CHAPITRE LXVI.

Enseignes.


Les enseignes sont maintenant appliquées contre le mur des maisons & des boutiques ; au lieu qu’autrefois elles pendoient à de longues potences de fer ; de sorte que l’enseigne & la potence, dans les grands vents, menaçoient d’écraser les passans dans les rues.

Quand le vent souffloit, toutes ces enseignes, devenues gémissantes, se heurtoient & se choquoient entr’elles ; ce qui composoit un carillon plaintif & discordant, vraiment incroyable pour qui ne l’a pas entendu. De plus, elles jetoient la nuit des ombres larges, qui rendoient nulle la foible clarté des lanternes.
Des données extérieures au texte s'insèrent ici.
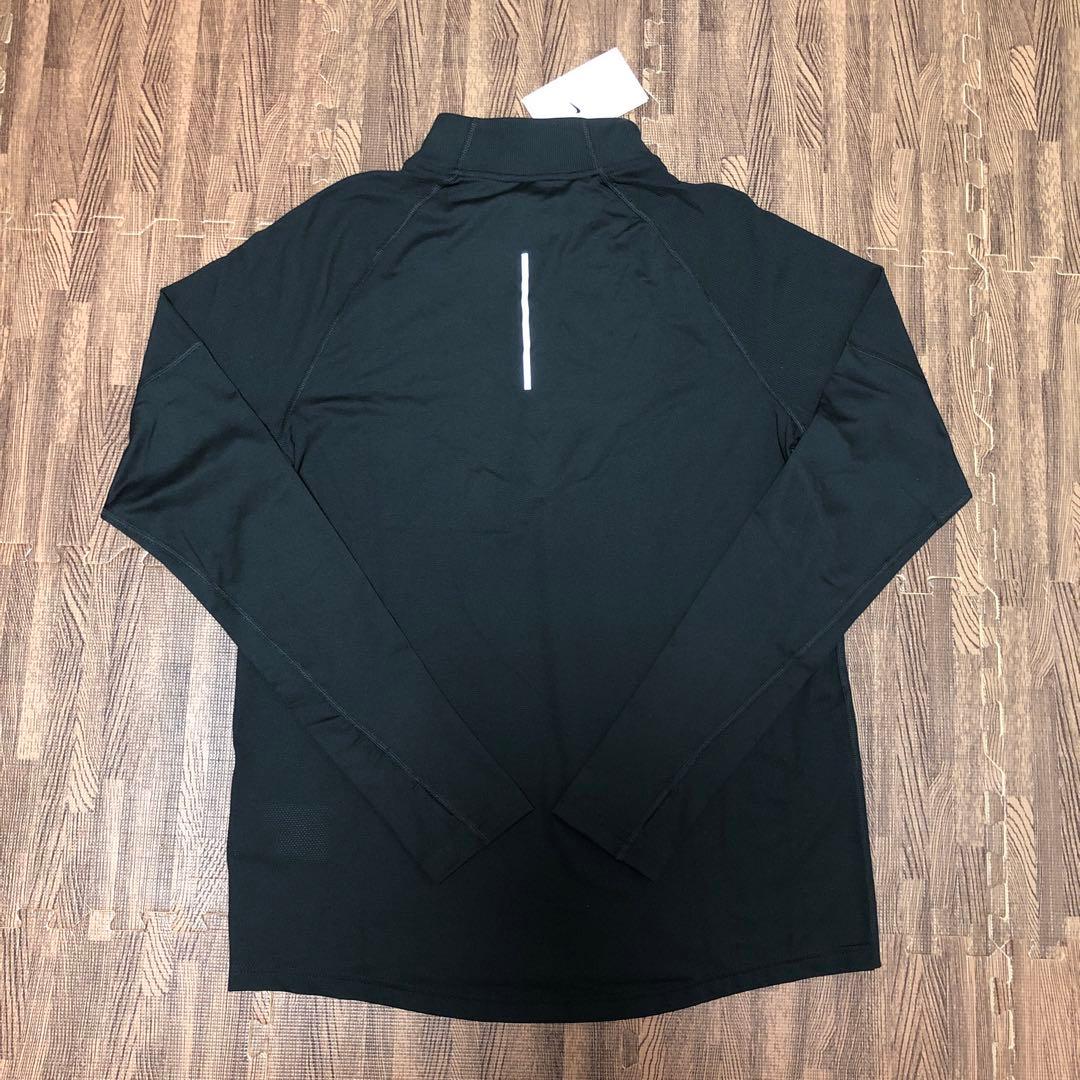 [新品] NIKE エレメントハーフジップ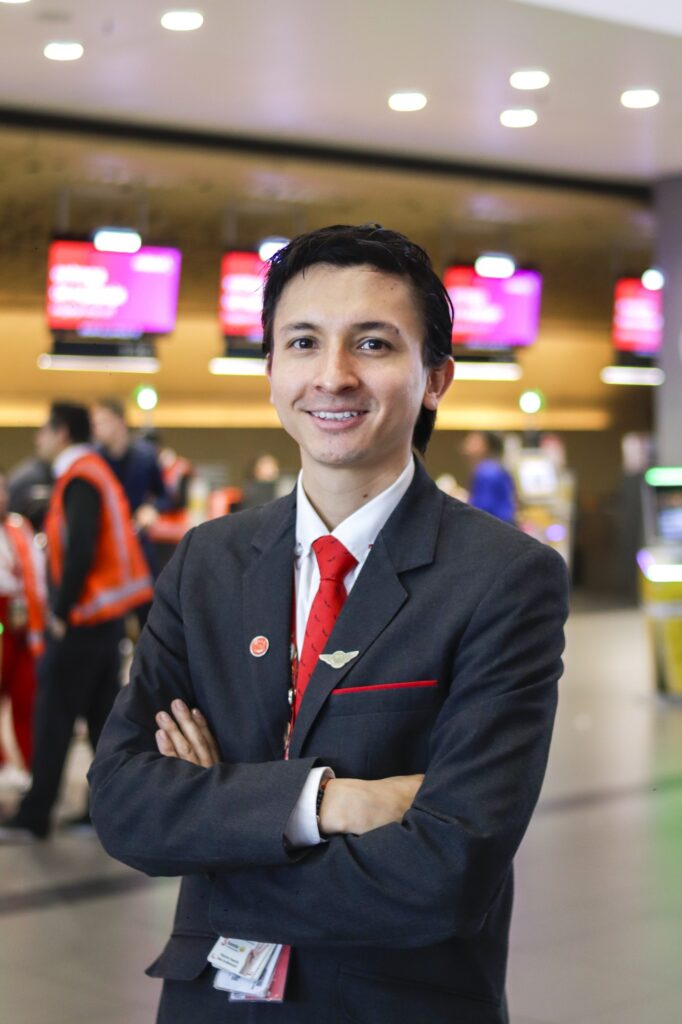 Andrés Felipe Garzón, agente de servicio de aeropuerto de El Dorado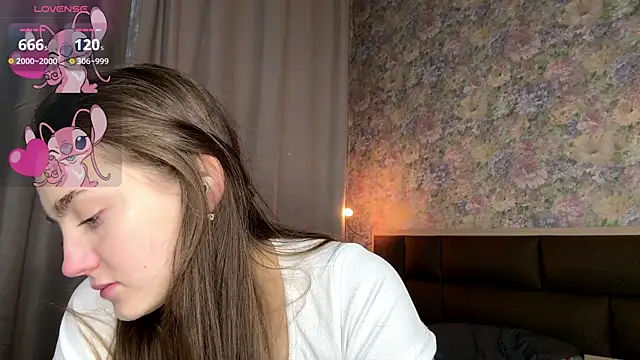 Czat XXX na żywo – LoraDavi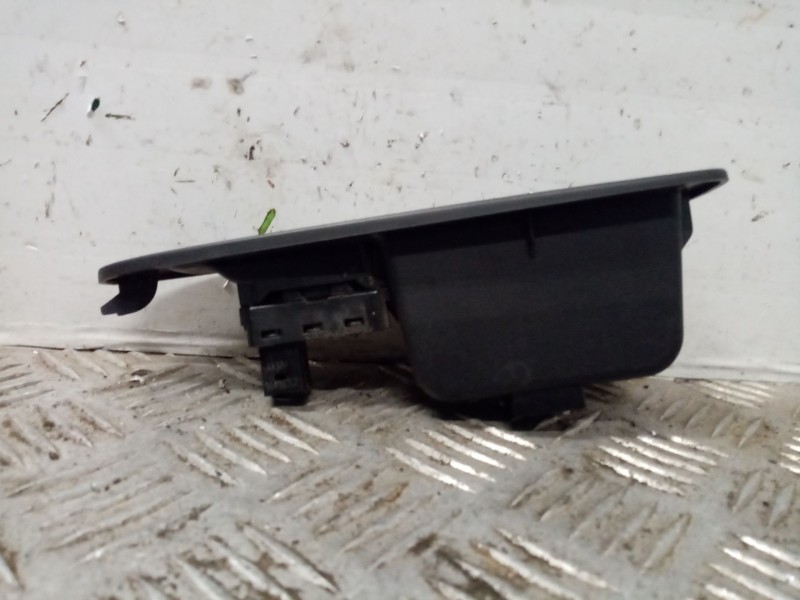 Recambio de maneta elevalunas delantera derecha para citroen c4 berlina vtr plus referencia OEM IAM   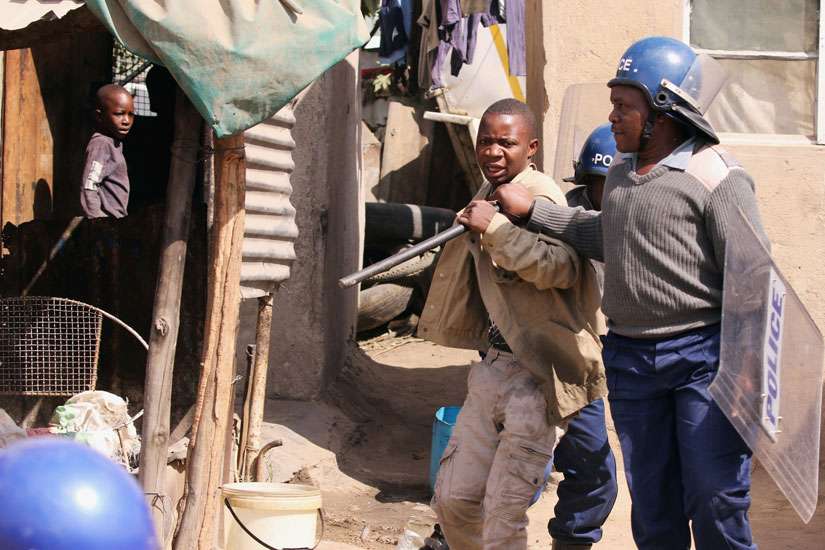 Zimbabwe's church leaders warn of unrest if citizens' protests not heard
Ces enseignes avoient pour la plupart un volume colossal & en relief. Elles donnoient l’image d’un peuple gigantesque, aux yeux du peuple le plus rabougri de l’Europe. On voyoit une garde d’épée de six pieds de haut, une botte grosse comme un muid, un éperon large comme une roue de carrosse ; un gant qui auroit logé un enfant de trois ans dans chaque doigt, des têtes monstrueuses, des bras armés de fleurets qui occupoient toute la largeur de la rue.

La ville, qui n’est plus hérissée de ces appendices grossieres, offre, pour ainsi dire, un visage poli, net & rasé. On doit cette sage ordonnance à M. Antoine-Raimond-Jean-Gualbert-Gabriel de Sartine, qui, de lieutenant de police, est devenu ministre de la marine.